解释器和内存
字节串和字符串比较
>>> s = 'a'
>>> u = u'a'
>>> s == u
True
>>> s = '中'
>>> u = u'中'
>>> s == u
__main__:1: UnicodeWarning: Unicode equal comparison failed to convert both arguments to Unicode - interpreting them as being unequal
False
字节串和字符串比较时字节串会被转换为字符串,失败时会有警告,而且结果也不符合逻辑上相等的概念
字符串转字节串比较
>>> s = '中'
>>> u = u'中'
>>> s == str(u)
Traceback (most recent call last):
File "<stdin>", line 1, in <module>
UnicodeEncodeError: 'ascii' codec can't encode character u'\u4e2d' in position 0: ordinal not in range(128)
>>> map(lambda i: hex(ord(i)), u)
['0x4e2d']
>>> import sys
>>> sys.getdefaultencoding()
'ascii'
>>> sys.setdefaultencoding('utf-8')
Traceback (most recent call last):
File "<stdin>", line 1, in <module>
AttributeError: 'module' object has no attribute 'setdefaultencoding'
>>> reload(sys)
<module 'sys' (built-in)>
>>> sys.setdefaultencoding('utf-8')
>>> s == str(u)
True
str函数使用的是python的默认编码,默认为ascii,unicode字符码转ascii字节码就会报错
字节串转字符串比较
>>> s = '中'
>>> u = u'中'
>>> unicode(s) == u
Traceback (most recent call last):
File "<stdin>", line 1, in <module>
UnicodeDecodeError: 'ascii' codec can't decode byte 0xe4 in position 0: ordinal not in range(128)
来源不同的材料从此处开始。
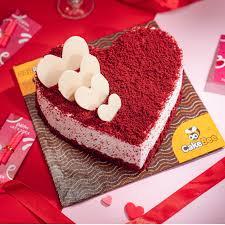 Delicious Red Velvet Heart Cake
>>> map(lambda i: hex(ord(i)), s)
['0xe4', '0xb8', '0xad']
>>> import sys
>>> sys.getdefaultencoding()
'ascii'
>>> sys.setdefaultencoding('utf-8')
Traceback (most recent call last):
File "<stdin>", line 1, in <module>
AttributeError: 'module' object has no attribute 'setdefaultencoding'
>>> reload(sys)
<module 'sys' (built-in)>
>>> sys.setdefaultencoding('utf-8')
>>> s == str(u)
True
unicode函数使用的是python的默认编码,默认为ascii,ascii字节码转unicode字符码就会报错